(Saved entries)
_ _ _ _

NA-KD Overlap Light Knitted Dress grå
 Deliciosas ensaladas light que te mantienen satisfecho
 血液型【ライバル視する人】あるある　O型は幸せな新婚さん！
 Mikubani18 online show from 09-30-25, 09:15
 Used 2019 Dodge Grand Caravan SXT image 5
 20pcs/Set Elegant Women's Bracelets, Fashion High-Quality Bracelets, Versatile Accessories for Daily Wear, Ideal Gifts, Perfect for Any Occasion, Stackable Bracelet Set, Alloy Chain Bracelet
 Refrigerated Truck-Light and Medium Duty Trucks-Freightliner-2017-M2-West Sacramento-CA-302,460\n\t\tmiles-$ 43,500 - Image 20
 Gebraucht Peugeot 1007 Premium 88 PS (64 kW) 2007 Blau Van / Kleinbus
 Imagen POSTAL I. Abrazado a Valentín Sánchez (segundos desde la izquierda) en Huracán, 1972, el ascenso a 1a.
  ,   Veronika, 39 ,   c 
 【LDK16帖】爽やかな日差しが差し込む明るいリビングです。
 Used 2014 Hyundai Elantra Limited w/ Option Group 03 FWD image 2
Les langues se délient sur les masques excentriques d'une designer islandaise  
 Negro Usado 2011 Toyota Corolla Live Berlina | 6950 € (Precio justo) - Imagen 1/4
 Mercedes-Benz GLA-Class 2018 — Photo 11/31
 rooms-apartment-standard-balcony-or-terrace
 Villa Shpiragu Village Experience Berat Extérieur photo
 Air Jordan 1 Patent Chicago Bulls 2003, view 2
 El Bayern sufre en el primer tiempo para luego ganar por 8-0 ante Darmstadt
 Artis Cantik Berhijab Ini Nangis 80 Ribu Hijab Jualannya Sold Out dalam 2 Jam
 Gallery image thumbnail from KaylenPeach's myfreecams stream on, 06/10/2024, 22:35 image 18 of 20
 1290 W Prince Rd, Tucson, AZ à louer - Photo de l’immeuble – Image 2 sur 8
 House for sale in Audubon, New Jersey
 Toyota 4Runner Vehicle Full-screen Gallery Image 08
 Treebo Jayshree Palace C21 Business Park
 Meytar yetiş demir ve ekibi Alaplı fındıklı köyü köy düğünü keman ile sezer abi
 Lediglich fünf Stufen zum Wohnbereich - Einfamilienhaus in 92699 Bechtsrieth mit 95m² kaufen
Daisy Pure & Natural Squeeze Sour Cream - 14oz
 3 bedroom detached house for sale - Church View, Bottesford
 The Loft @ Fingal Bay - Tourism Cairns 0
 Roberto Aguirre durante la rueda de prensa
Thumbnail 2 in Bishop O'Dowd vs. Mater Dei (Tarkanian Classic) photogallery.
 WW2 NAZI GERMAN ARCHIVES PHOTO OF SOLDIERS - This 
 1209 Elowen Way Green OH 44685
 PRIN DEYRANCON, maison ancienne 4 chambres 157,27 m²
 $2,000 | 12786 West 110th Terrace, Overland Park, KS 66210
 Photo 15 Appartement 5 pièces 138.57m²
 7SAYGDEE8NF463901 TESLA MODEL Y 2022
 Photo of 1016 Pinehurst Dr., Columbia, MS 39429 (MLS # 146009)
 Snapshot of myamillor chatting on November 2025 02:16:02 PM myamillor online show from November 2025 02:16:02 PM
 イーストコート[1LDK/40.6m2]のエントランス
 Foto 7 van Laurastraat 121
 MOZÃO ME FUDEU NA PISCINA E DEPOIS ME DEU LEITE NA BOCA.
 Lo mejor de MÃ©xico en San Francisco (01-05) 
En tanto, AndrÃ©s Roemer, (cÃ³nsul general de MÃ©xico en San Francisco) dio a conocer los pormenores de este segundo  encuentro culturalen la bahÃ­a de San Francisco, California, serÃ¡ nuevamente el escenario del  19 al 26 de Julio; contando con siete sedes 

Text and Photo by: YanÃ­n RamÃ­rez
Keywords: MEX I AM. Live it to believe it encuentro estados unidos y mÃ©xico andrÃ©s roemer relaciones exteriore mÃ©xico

_ _ _ _

The response should consist of the entries, retyped exactly and in full.

— Answer space —
NA-KD Overlap Light Knitted Dress grå
 Deliciosas ensaladas light que te mantienen satisfecho
 血液型【ライバル視する人】あるある　O型は幸せな新婚さん！
 Mikubani18 online show from 09-30-25, 09:15
 Used 2019 Dodge Grand Caravan SXT image 5
 20pcs/Set Elegant Women's Bracelets, Fashion High-Quality Bracelets, Versatile Accessories for Daily Wear, Ideal Gifts, Perfect for Any Occasion, Stackable Bracelet Set, Alloy Chain Bracelet
 Refrigerated Truck-Light and Medium Duty Trucks-Freightliner-2017-M2-West Sacramento-CA-302,460\n\t\tmiles-$ 43,500 - Image 20
 Gebraucht Peugeot 1007 Premium 88 PS (64 kW) 2007 Blau Van / Kleinbus
 Imagen POSTAL I. Abrazado a Valentín Sánchez (segundos desde la izquierda) en Huracán, 1972, el ascenso a 1a.
  ,   Veronika, 39 ,   c 
 【LDK16帖】爽やかな日差しが差し込む明るいリビングです。
 Used 2014 Hyundai Elantra Limited w/ Option Group 03 FWD image 2
Les langues se délient sur les masques excentriques d'une designer islandaise  
 Negro Usado 2011 Toyota Corolla Live Berlina | 6950 € (Precio justo) - Imagen 1/4
 Mercedes-Benz GLA-Class 2018 — Photo 11/31
 rooms-apartment-standard-balcony-or-terrace
 Villa Shpiragu Village Experience Berat Extérieur photo
 Air Jordan 1 Patent Chicago Bulls 2003, view 2
 El Bayern sufre en el primer tiempo para luego ganar por 8-0 ante Darmstadt
 Artis Cantik Berhijab Ini Nangis 80 Ribu Hijab Jualannya Sold Out dalam 2 Jam
 Gallery image thumbnail from KaylenPeach's myfreecams stream on, 06/10/2024, 22:35 image 18 of 20
 1290 W Prince Rd, Tucson, AZ à louer - Photo de l’immeuble – Image 2 sur 8
 House for sale in Audubon, New Jersey
 Toyota 4Runner Vehicle Full-screen Gallery Image 08
 Treebo Jayshree Palace C21 Business Park
 Meytar yetiş demir ve ekibi Alaplı fındıklı köyü köy düğünü keman ile sezer abi
 Lediglich fünf Stufen zum Wohnbereich - Einfamilienhaus in 92699 Bechtsrieth mit 95m² kaufen
Daisy Pure & Natural Squeeze Sour Cream - 14oz
 3 bedroom detached house for sale - Church View, Bottesford
 The Loft @ Fingal Bay - Tourism Cairns 0
 Roberto Aguirre durante la rueda de prensa
Thumbnail 2 in Bishop O'Dowd vs. Mater Dei (Tarkanian Classic) photogallery.
 WW2 NAZI GERMAN ARCHIVES PHOTO OF SOLDIERS - This 
 1209 Elowen Way Green OH 44685
 PRIN DEYRANCON, maison ancienne 4 chambres 157,27 m²
 $2,000 | 12786 West 110th Terrace, Overland Park, KS 66210
 Photo 15 Appartement 5 pièces 138.57m²
 7SAYGDEE8NF463901 TESLA MODEL Y 2022
 Photo of 1016 Pinehurst Dr., Columbia, MS 39429 (MLS # 146009)
 Snapshot of myamillor chatting on November 2025 02:16:02 PM myamillor online show from November 2025 02:16:02 PM
 イーストコート[1LDK/40.6m2]のエントランス
 Foto 7 van Laurastraat 121
 MOZÃO ME FUDEU NA PISCINA E DEPOIS ME DEU LEITE NA BOCA.
 Lo mejor de MÃ©xico en San Francisco (01-05) 
En tanto, AndrÃ©s Roemer, (cÃ³nsul general de MÃ©xico en San Francisco) dio a conocer los pormenores de este segundo  encuentro culturalen la bahÃ­a de San Francisco, California, serÃ¡ nuevamente el escenario del  19 al 26 de Julio; contando con siete sedes 

Text and Photo by: YanÃ­n RamÃ­rez
Keywords: MEX I AM. Live it to believe it encuentro estados unidos y mÃ©xico andrÃ©s roemer relaciones exteriore mÃ©xico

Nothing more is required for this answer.